Zwei Ausstellungen in Zürich machen Lust, wieder einmal ins Museum zu gehen. Anbetung von verstaubten Objekten ist dabei Vergangenheit.

Quelle: www.plasticgarbageproject.org
Die Ausstellung "Endstation Meer? Das Plastikmüll-Projekt" im Museum für Gestaltung will ein breites Publikum erreichen. Nach seinem gratis Eintritt steht der Besucher als erstes vor einem Berg Plastikmüll aus Hawaii (klimaneutral transportiert - mit Velo?). Diese Begrüssung ist effektvoll, didaktisch, aber ohne durch erhobenen Zeigefinger zu erschlagen. Der Plastikberg weist nämlich eine eigene Ästhetik auf, salzige Meeresspuren, und erinnert an alte Strandferien. 

Die simpel designte Ausstellung lässt tief blicken.

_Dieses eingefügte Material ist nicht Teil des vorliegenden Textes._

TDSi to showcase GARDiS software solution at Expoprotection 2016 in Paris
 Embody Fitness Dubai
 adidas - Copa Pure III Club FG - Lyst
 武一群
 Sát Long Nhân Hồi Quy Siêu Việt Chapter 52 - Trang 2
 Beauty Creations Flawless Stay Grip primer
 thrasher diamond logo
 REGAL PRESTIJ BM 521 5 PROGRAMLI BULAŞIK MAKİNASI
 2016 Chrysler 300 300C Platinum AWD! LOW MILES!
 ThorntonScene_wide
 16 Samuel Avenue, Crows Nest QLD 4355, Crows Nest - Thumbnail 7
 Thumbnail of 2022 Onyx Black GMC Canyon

Im Pazifik drehen Plastikmüllstrudel von kontinentalem Ausmass, mikroskopische Plastikteilchen verwandeln die Meere in Abfallsuppen, worunter sowohl Tiere, aber auch zuletzt wieder wir Menschen leiden. Die Vermittlung vermeidet aber tunlichst alles Lehrerhafte. Die Fakten sind mit künstlerischen Mitteln dargestellt, seien das alte Zahnbürsten, Fotostrecken von toten Vögeln oder eine knallbunte Comicsatire.

Doch nicht nur belehren will die Ausstellung, sie tritt mit ihren Besuchern ins Gespräch. Es werden Lösungsvorschläge diskutiert und das Begleitprogramm von der Designwerkstatt für Kinder bis zu Gesprächen mit diversen Experten beeindruckt.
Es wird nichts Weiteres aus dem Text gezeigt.